### Task
Nothing but the lines from the one containing "Đi ăn khuya" through the last line of the records below should be copied, exactly and without pictures.

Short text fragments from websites
::::

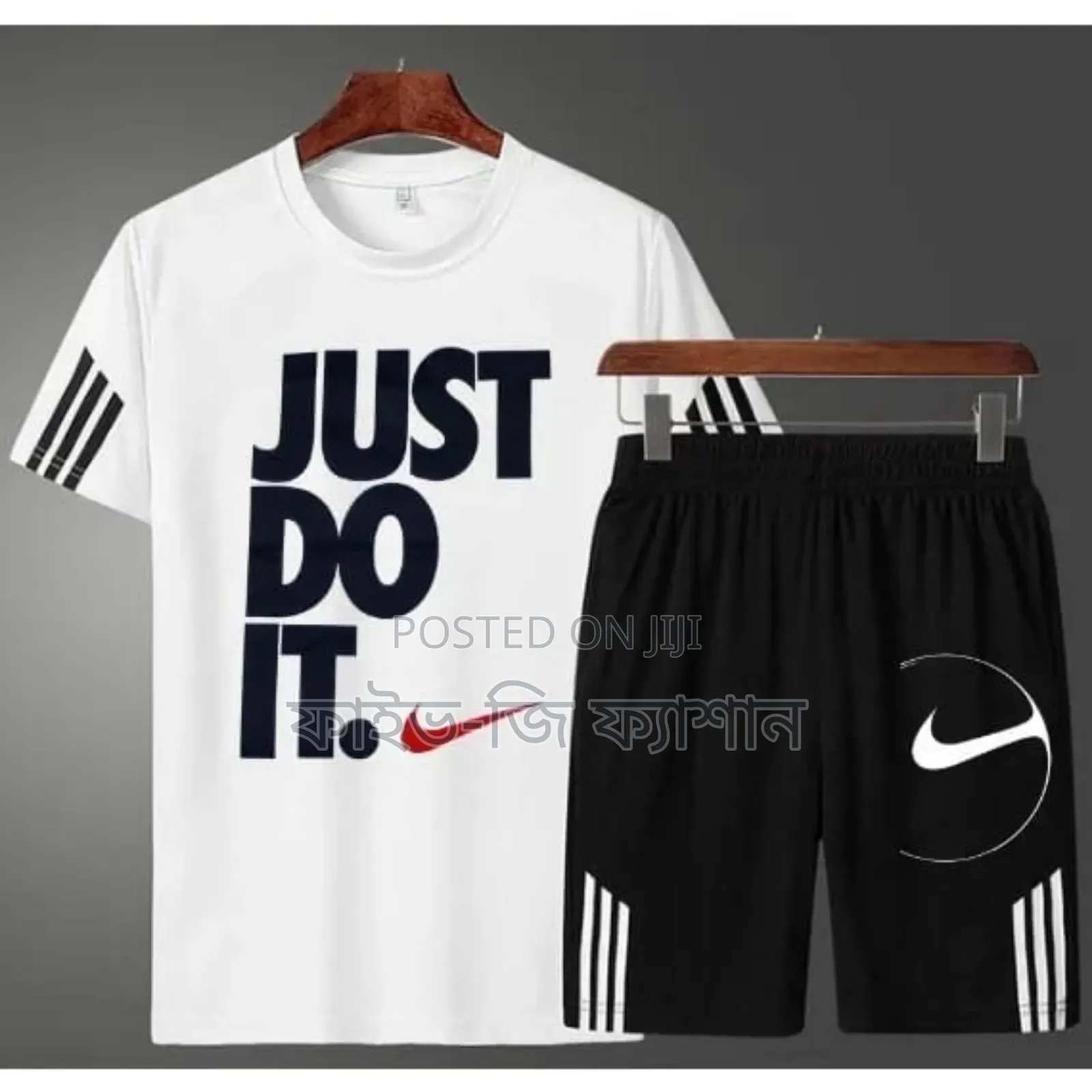 T-Shirt and 3 Quarter Pants for Man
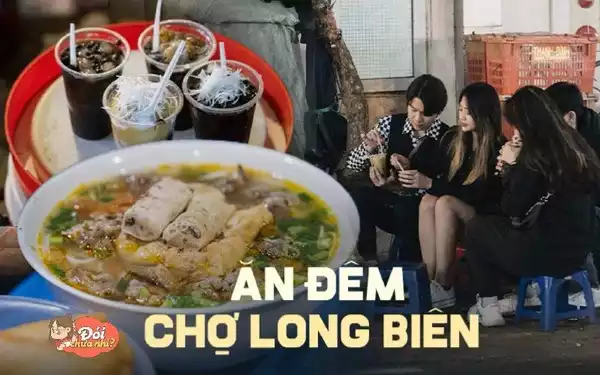 Đi ăn khuya ở khu chợ đầu mối nức tiếng quận Ba Đình: Có cả loạt món ngon bán tới tận nửa đêm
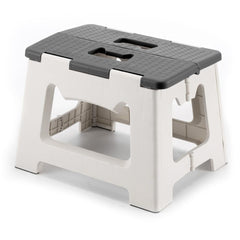 ZLMHYYM 9-inch folding stool with handle for easy reach in kitchen and bathroom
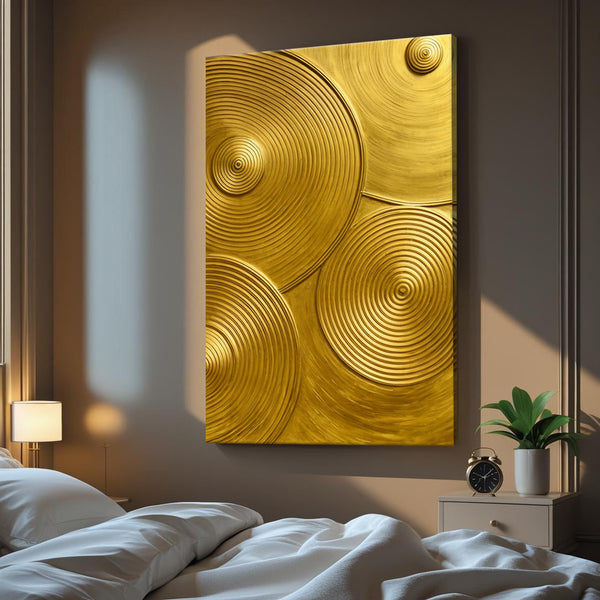 Gold Symphony Wall Art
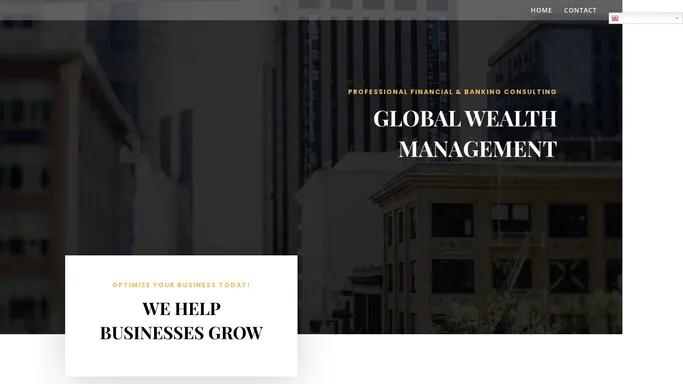 Global Wealth Management – Financing in the 21st century!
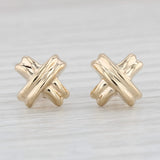 X Criss Cross Stud Earrings 14k Yellow Gold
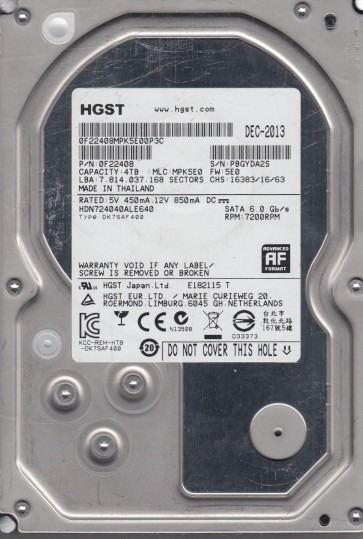 Hitachi HDN724040ALE640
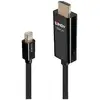 Image de Câble Mini Displayport Lindy Connectique Noir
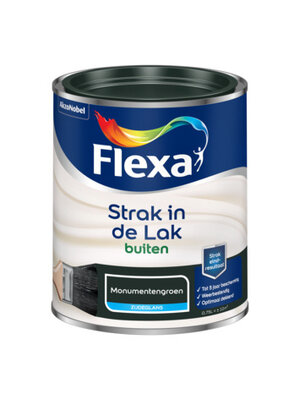 Flexa Strak In De Lak Zijdeglans - Monumentengroen Flexa Strak In De Lak Zijdeglans - Monumentengroen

::::

### Problem solution
 Đi ăn khuya ở khu chợ đầu mối nức tiếng quận Ba Đình: Có cả loạt món ngon bán tới tận nửa đêm
 ZLMHYYM 9-inch folding stool with handle for easy reach in kitchen and bathroom
 Gold Symphony Wall Art
 Global Wealth Management – Financing in the 21st century!
 X Criss Cross Stud Earrings 14k Yellow Gold
 Hitachi HDN724040ALE640
 Image de Câble Mini Displayport Lindy Connectique Noir
 Flexa Strak In De Lak Zijdeglans - Monumentengroen Flexa Strak In De Lak Zijdeglans - Monumentengroen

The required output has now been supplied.